Let’s say we have a large language model (LLM) that processes input text using self-attention, which is a common technique used to understand the relationships between words within a sentence.
In traditional self-attention methods, every token in the input sequence needs to be compared with all other tokens, resulting in a lot of unnecessary computation and memory usage. This can become a bottleneck for LLMs when dealing with very long sequences or large datasets.
Flash Attention is an optimization technique that reduces this computational overhead by caching key-value vectors from previous layers and reusing them to compute attention scores for the current layer. By doing so, Flash Attention can significantly improve both computational efficiency (up to 2x faster) and memory usage (up to 4x less).

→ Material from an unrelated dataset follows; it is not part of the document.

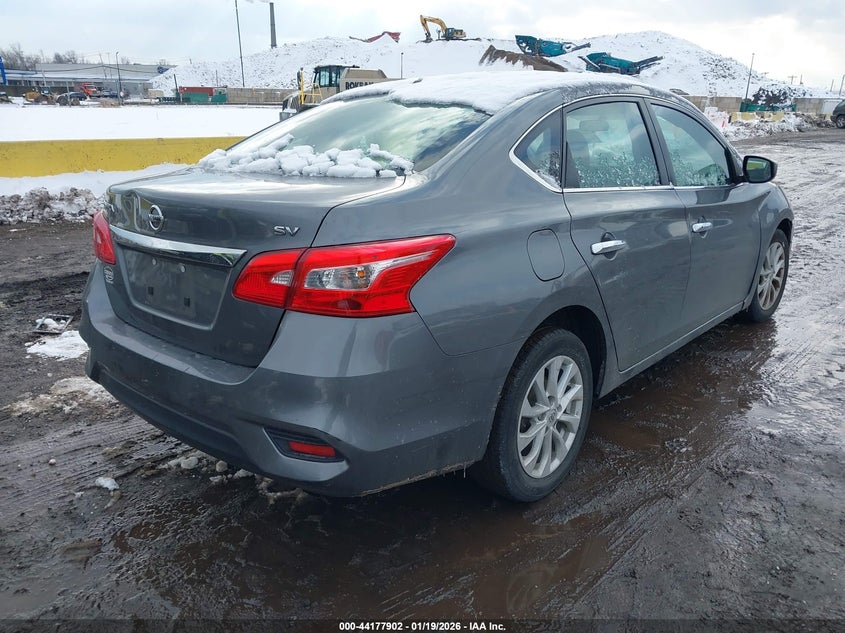 2019 Nissan Sentra Sv
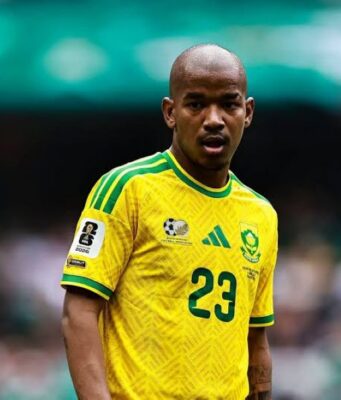 Afrique du Sud: décès du milieu de terrain des Bafana Bafana Jayden Adams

Here’s an example of how this works in practice: let’s say we have a sequence of input tokens with shape torch.Size([1, 23]) and the corresponding input_ids tensor with shape torch.Size([1, 24]). We can use Flash Attention to compute attention scores for each token using only the previous key-value vectors (with shape torch.Size([1, 25])) instead of comparing every token with all other tokens in the sequence.
This not only saves time and memory but also improves accuracy by allowing the model to focus on more relevant information from previous layers. In fact, Flash Attention has been shown to improve performance on various benchmarks such as GLUE and SQuAD without sacrificing accuracy or increasing training time.
However, for auto-regressive decoding, Grouped-Query-Attention (GQA) can be a better option than MQA due to its ability to maintain model capacity while reducing memory usage. GQA uses n < n_head key-value projection weights instead of just one as in MQA, allowing for less drastic reductions in query head projection weights and thus arguably less performance degradation compared to vanilla multi-key-value head projections. Moreover, existing model checkpoints can be uptrained to have a GQA architecture with as little as 5% of the original pre-training compute, making it easier for LLMs to handle longer input sequences.